This script works fine and finishes within 5 minutes using the thread config [128, 255] (other configurations slow it down) on a machine with 128GB RAM, an Intel Xeon CPU E5-2630 v4, 2.20GHz processor and two graphic cards of type Tesla V100 with 16GB RAM each. It yields:

[[0.00000000e+00 2.00000000e+00 4.00000000e+00]
 [1.00000000e+00 1.00000000e+00 1.00000000e+00]
 [7.08337220e+07 2.64700090e+09 7.00661374e+18]
 [6.56031067e+08 2.29447517e+09 5.26461630e+18]
 [0.00000000e+00 0.00000000e+00 0.00000000e+00]
 [0.00000000e+00 0.00000000e+00 0.00000000e+00]
 [0.00000000e+00 0.00000000e+00 0.00000000e+00]
 [0.00000000e+00 0.00000000e+00 0.00000000e+00]
 [0.00000000e+00 0.00000000e+00 0.00000000e+00]
 [0.00000000e+00 0.00000000e+00 0.00000000e+00]]
CPU times: user 58.5 s, sys: 4min 5s, total: 5min 4s
Wall time: 5min 4s

Background: I am experimenting with the runtime behavior and performance outcome of large loops doing (fairly simple) arithmetic/mathematical tasks.
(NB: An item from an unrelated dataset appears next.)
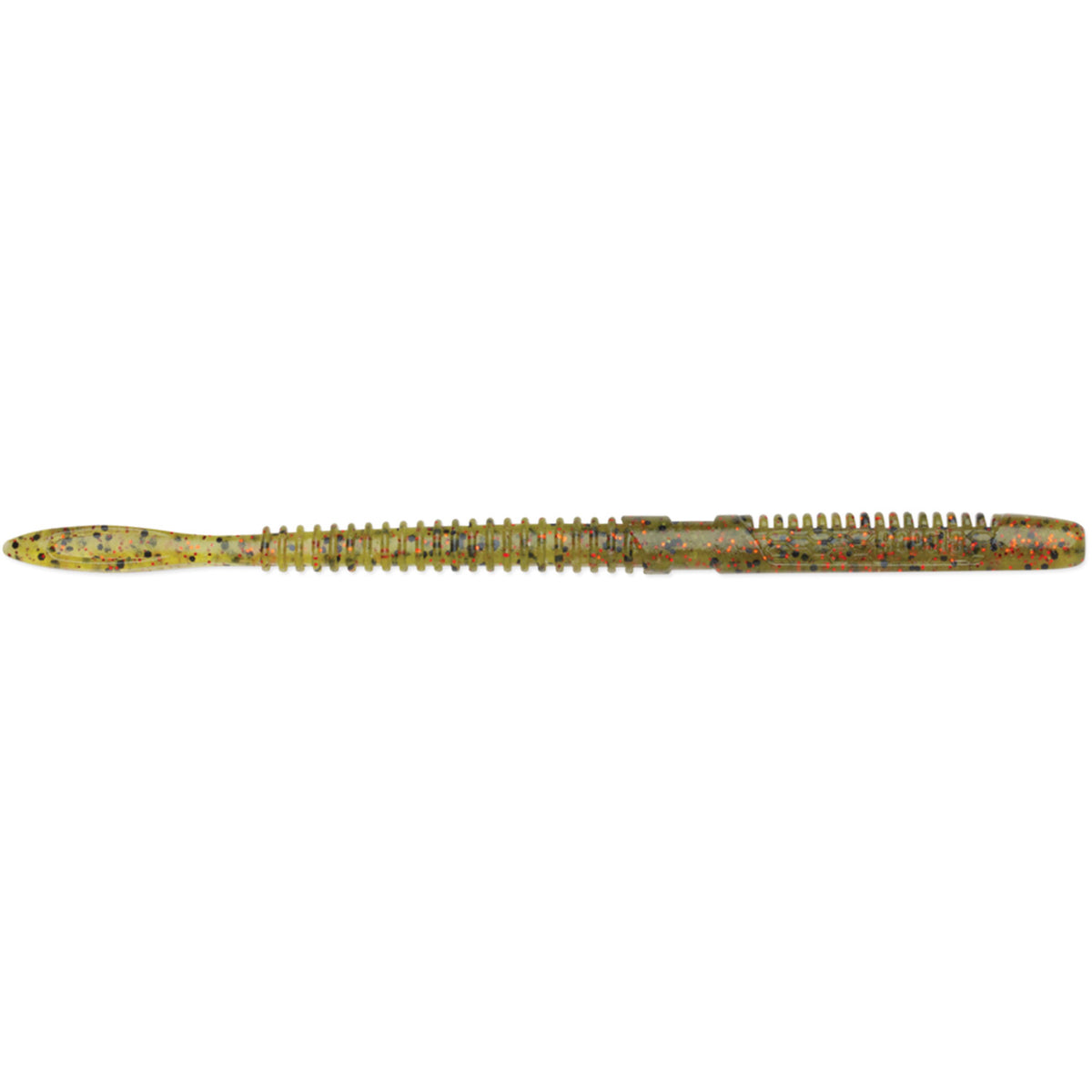 Janitor 6" Worm Bait, 8 Pack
The equation in the code snippet above is just an example. What I observed is that using this piece of code performs best using numba's @JIT-decorator (5 seconds). Using gmpy2 the same task finishes within 15 minutes. Using no optimization (just pure numpy) the same routine takes almost 2 hours. I'm curious how it looks when I parallelize the routine on a GPU-powered machine via Tensorflow. To put it briefly, we have for this routine running up to 1 billion:

5sec (numba/JIT) < 5min (numba/CUDA.JIT) < 15min (gmpy2) < 2hrs (plain numpy)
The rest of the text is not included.